Task goal: Your task is to repeat all of the data exactly while excluding the pictures.

Collected material:
_____

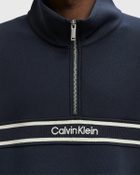 Calvin Klein Jeans LS COTTON SPACER STRIPE RIB QTR Blue Mens Half-Zip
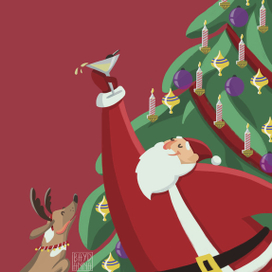 Santa Claus loves Dry Martini 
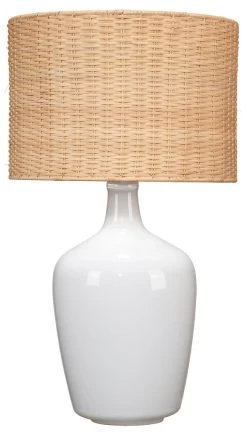 Coastal Style White Glass Plum Jar Table Lamp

_____

Expected output:
 Calvin Klein Jeans LS COTTON SPACER STRIPE RIB QTR Blue Mens Half-Zip
 Santa Claus loves Dry Martini 
 Coastal Style White Glass Plum Jar Table Lamp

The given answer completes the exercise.